北海道の運輸交通施策の総合的な促進を図るために設置された北海道知事の諮問機関で、運輸事業者、労働組合、利用者団体、地方自治体、経済団体、学識経験者などから選任された委員15人で構成、物流業界からは北ト協の野村佳史理事(丸日日諸産業)、北海道船主協会連合会の忠地宣忠会長(三井商船フェリー)らが委員として出席、JR貨物北海道支社の柏井省吾支社長が参与として出席した。
「北海道交通政策総合指針の重点戦略」「北海道航空ネットワークビジョン」に係るこの2年間の主要な動きについて報告があったほか、北海道が示した「持続的な鉄道網の確立に向けた基本的な考え方」の案などについて議論した。
「持続的な鉄道網の確立に向けた基本的な考え方」では、「国鉄改革の際に定められた線路使用料のスキームは、線路を維持する人員の人件費や青函トンネル区間の三線軌条の維持管理にかかるコストなどが対象外となっているなど、貨物輸送によって生じていると考えられるコストを回収しきれない状況」としたほか、「本道においては、貨物列車の走行割合が他地域に比べて高い」「経営基盤の脆弱なJR北海道においては、貨物列車の運行に必要な設備投資や修繕費が大きな負担となっている」とし、「荷主等への影響にも十分配慮しながら、適切な支援方策を検討し、JR北海道の負担軽減を図る」と示した。

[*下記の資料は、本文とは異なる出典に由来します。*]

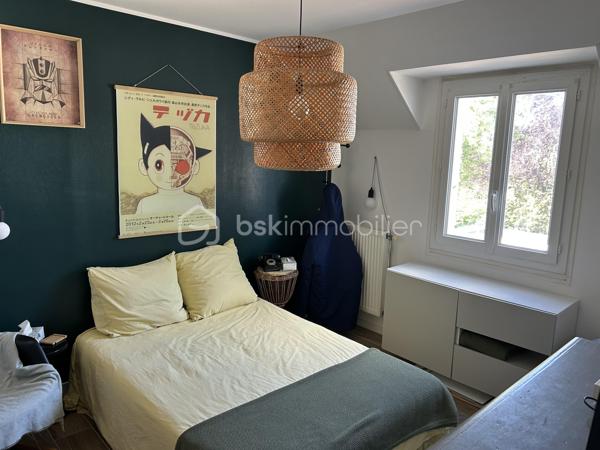 Laissez-vous séduire par cette belle maison de 126 m², située dans un environnement paisible offrant une vie de famille agréable. Conçue en 1985, elle allie fonctionnalité et confort.

Avec ses 6 pièces, cette maison spacieuse vous accueille chaleureusement. Profitez de son agencement efficace où les pièces lumineuses  se déploient harmonieusement.
Au rez de chaussée vous trouverez : une entrée, une belle pièce de vie avec cuisine aménagée et équipée donnant sur le salon et la salle à manger, une chambre avec une douche, une arrière-cuisine aménagée et équipée, un toilette indépendant et un garage. 

A l'étage : vous trouverez un palier desservant les 3 chambres restantes, la salle de bain et wc 

La terrasse invite à la détente. Sa localisation offre un accès aisé aux commodités et transports. 

Contactez Eric Dubois pour une visite!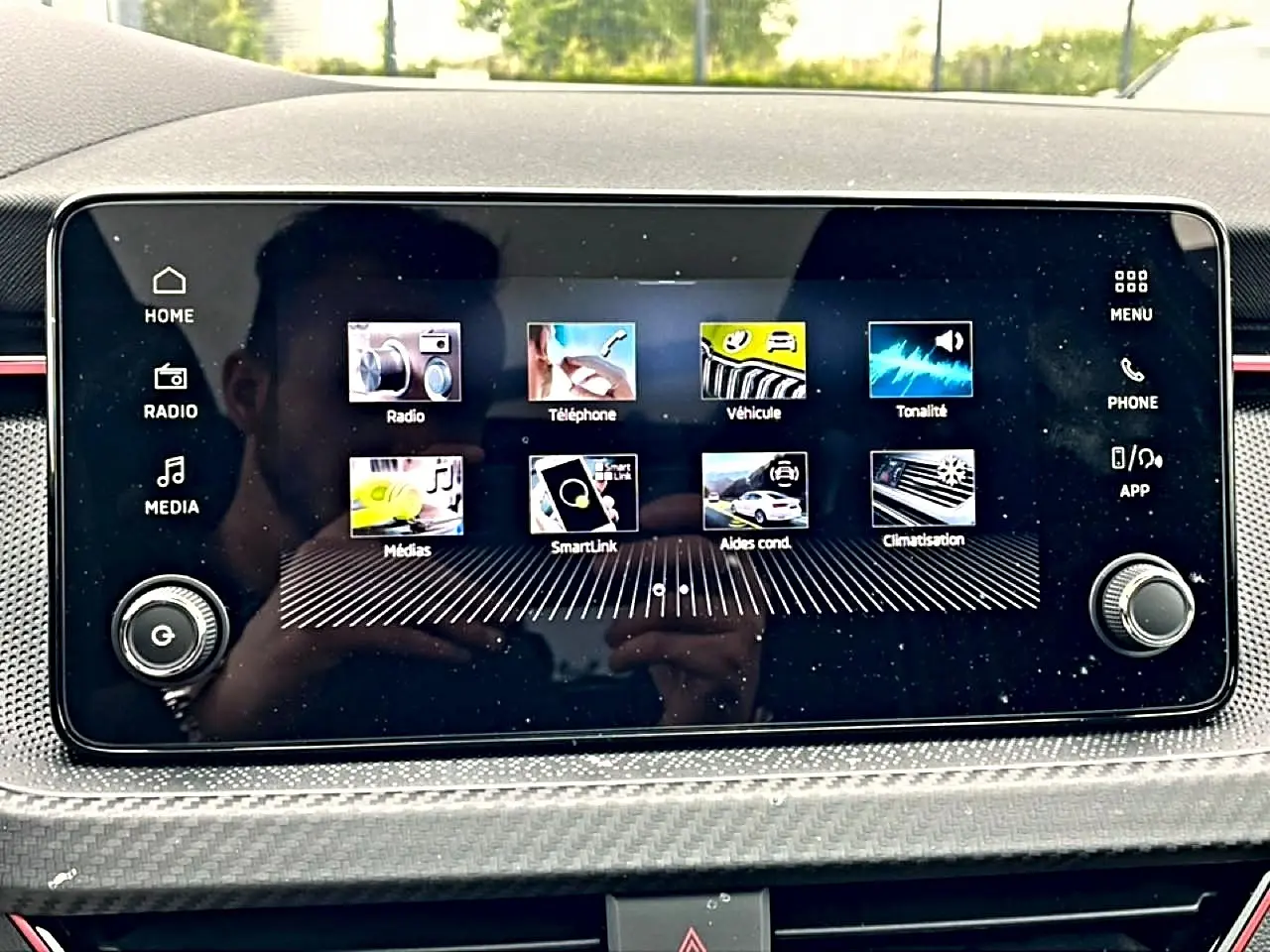 Écran tactile central du Skoda Kamiq 2026 montrant le menu principal avec icônes colorées, vue de face.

また、青函トンネルについて「全国各地への農産物等の輸送などを担う重要な国家的社会基盤」であり、「レールなどの取替資産の更新等については、JR北海道が負担することとなっており、経営上大きな負担」のため、「全国的な交通・物流ネットワーク構築の観点から、コスト負担の見直し」を検討するよう示した。
JR貨物の柏井支社長は「貨物は旅客と同じ鉄路を使って輸送し、『道民の生活を支える』『北海道からの食料供給を担う』という役割があり、この理解も進んでいる。将来のあり方について、襟を正して頑張っていく所存」と話した。
吉見会長は「道がまとめた鉄道網維持に関する案について議論を行ったが、地域がどのように鉄道ネットワークの維持に関わっていくのか、今後さらに考えなければならない。ドライバー不足が深刻化する中、北海道のあるべき交通網を考えるタイミングに来ている。既存の制度の中だけではなく、地域交通の維持について、北海道が新しいモデルをつくっていくことも重要。説得力のある形とし、今後、オール北海道で努力していくことが求められる」と述べた。